The DOT members of the NCHRP Synthesis 473 panel indicated that there are a number of key procedural issues preventing many states from taking full advantage of the ability of IDIQ to be combined with other ACMs. The following are a few of the major issues identified in the synthesis:

· Can agencies legally combine ACMs and IDIQ contracts?

· What is the industry perspective on combining ACMs and IDIQ procurements?

· What types of repetitive projects are best suited for IDIQ procurement with ACM delivery?

· How does the use of ACMs on an IDIQ contract impact the NEPA and permitting process during Task Order project development?

The challenges demand a framework that assists the agency to capture the benefits accrued by permitting ACMs on IDIQ contracts without violating the public trust and commitments that may have been made during project development. Ultimately, a sound business case must be made for each ACM-IDIQ as well as when and where including an ACM provision in IDIQ procurement is appropriate. This ultimately requires a methodology to identify the costs associated with implementing ACM-IDIQs and a common approach to identifying a return on investment so the agency can optimize their use across each annual program.

The proposed research should address the following questions:

· What ACMs are appropriate for use on IDIQ construction and maintenance contracts?

· What are the appropriate procedures for accepting, reviewing and evaluating design submittals during IDIQ procurement?

· What are the appropriate practices in contractually implementing ACMs on IDIQ contracts?

· Are there procedures for evaluating the optimal mix of ACM usage in IDIQ contracts?

· What impact does increased ACM-IDIQ usage have on the agency’s non-IDIQ program?

· How does an agency optimize its single project procurement program with an IDIQ program to provide the best mix of each type of contract?

· What changes should be made to the project development life cycle to best benefit from the optimal mix of project delivery methods including traditional DBB?


The main research objective is to benchmark the state-of-the-practice in using ACMs under IDIQ contracts and combine it with existing research on construction procurement and project delivery procedures, processes, and policies.
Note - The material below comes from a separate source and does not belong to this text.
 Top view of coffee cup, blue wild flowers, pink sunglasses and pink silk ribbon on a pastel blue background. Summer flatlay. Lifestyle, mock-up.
This study will assemble a set of effective practices and develop a guidebook that can be utilized by agencies to implement ACM-IDIQ contracts based on local statutory and/or policy requirements. The guidebook should provide a framework for optimizing the use of the full suite of ACMs across the agency’s annual program. The guidebook should include a methodology to compare delivery of projects on both a single project and IDIQ basis. It should also incorporate guidance that allows DOTs to be able to justify the selection of ACM-IDIQ delivery on a basis of potential environmental/social benefits, as well as time and cost savings.

Related Research:

NCHRP Synthesis 473: Indefinite Delivery/Indefinite Quantity Contracting Practices.
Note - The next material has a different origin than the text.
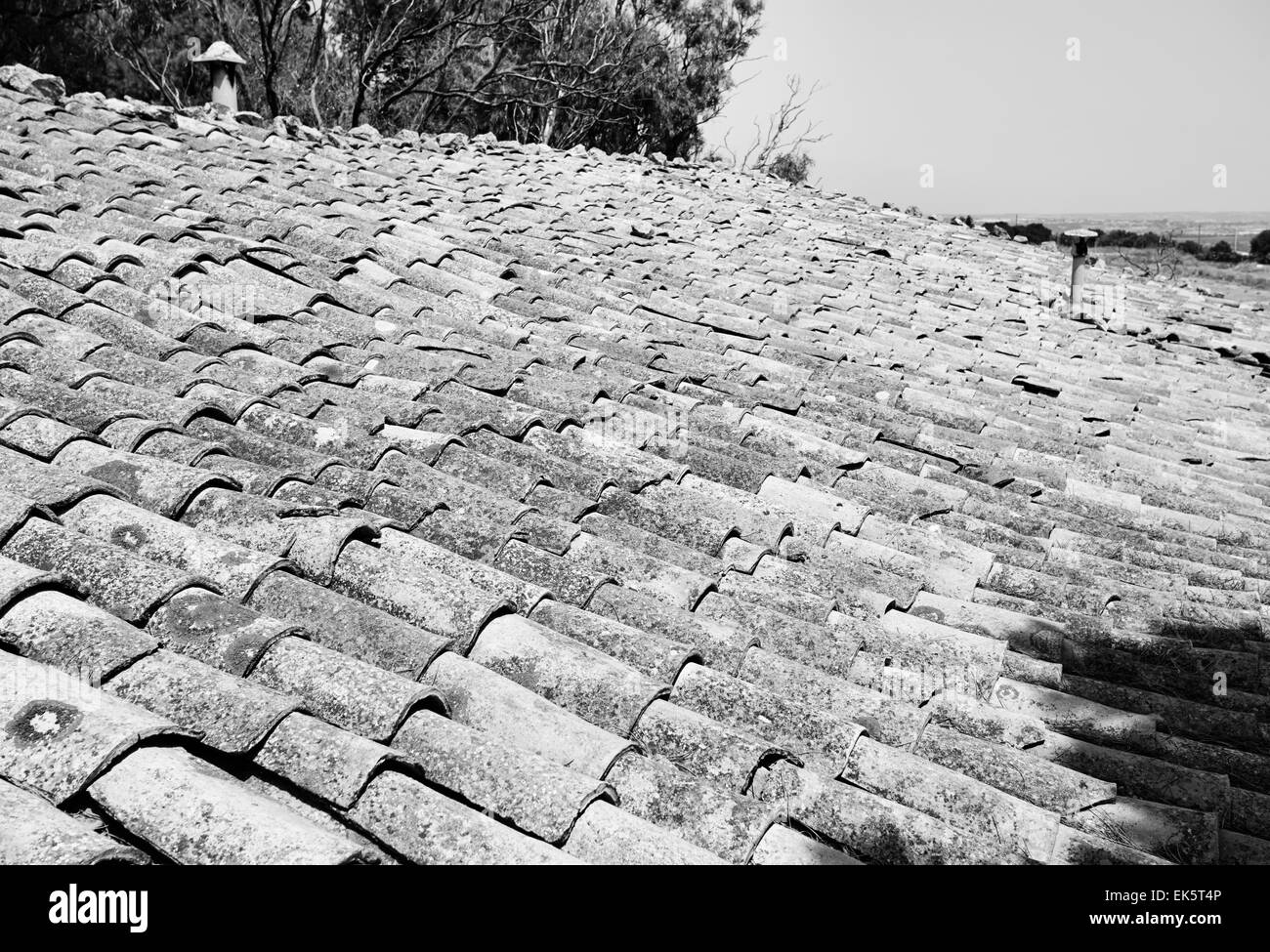 Italy, Sicily, countryside, old shingles on the roof of a stone house Stock Photo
Final Report for SHRP 2 C 12: The Effect of Public-Private Partnerships and Non-Traditional Procurement Processes on Highway Planning, Environmental Review, and Collaborative Decision Making.

NCHRP Synthesis 379: Selection and Evaluation of Alternative Contracting Methods to Accelerate Project Completion.


Specific Tasks of the research to accomplish the main objective include:

· Task 1 – Benchmark the state-of-the-practice by federal, state, and local agencies in ACM use in IDIQ procurement for both horizontal and vertical projects. Survey public agencies to determine if there are any using a rational methodology to optimize their annual project delivery program with regard to ACMs.

· Task 2 – Review the legal issues involved with combining ACMs in IDIQ procurements with respect to statutory competition constraints, design liability, and other salient issues that pose potential barriers to implementation of the concept. Identify remedies, if any, that have been successfully implemented. Prepare a white paper documenting the results of tasks 1 and 2.

· Task 3 – Based on the results of Tasks 1 and 2, prepare a research work plan that describes the details of the research methodology and methods for identifying potential effective practices and developing authoritative conclusions that will lead to the accomplishment of the research objectives and the final framework.* *The plan shall include a detailed description of any statistical analysis methods, qualitative research instruments and a justification that is well grounded in the literature to their use.

· Task 4 – Develop a rational methodology for quantifying an optimum combination of traditional, ACM, and ACM-IDIQ project delivery for a typical DOT annual program. Validate that methodology with actual case study data drawn from 3 to 5 state DOT programs approved by the NCHRP project panel.

· Task 5 – Execute the research work plan and prepare an interim research report that articulates the data collection and analysis as well as emerging conclusions, effective practices, lessons learned and a proposed outline for the guidebook; case study report; draft language; spec language; and legislative language.

· Task 6 – Prepare the draft guidebook for implementing IDIQ contracts on construction projects delivered with DBB, CMGC, and DB. The guide will also cover the Task 4 methodology and provide instructions for implementing the proposed framework for an agency’s overall annual program. Incorporate review comments as required and validate the guidebook’s efficacy with a case study DOT. The guidebook should also address the use of A+B bidding, incentive/disincentive, lane rental, ATC, and no-excuse incentives provisions in IDIQ contracts.

· Task 7 - Publish the final guidebook and a final research report that details the full results of the research.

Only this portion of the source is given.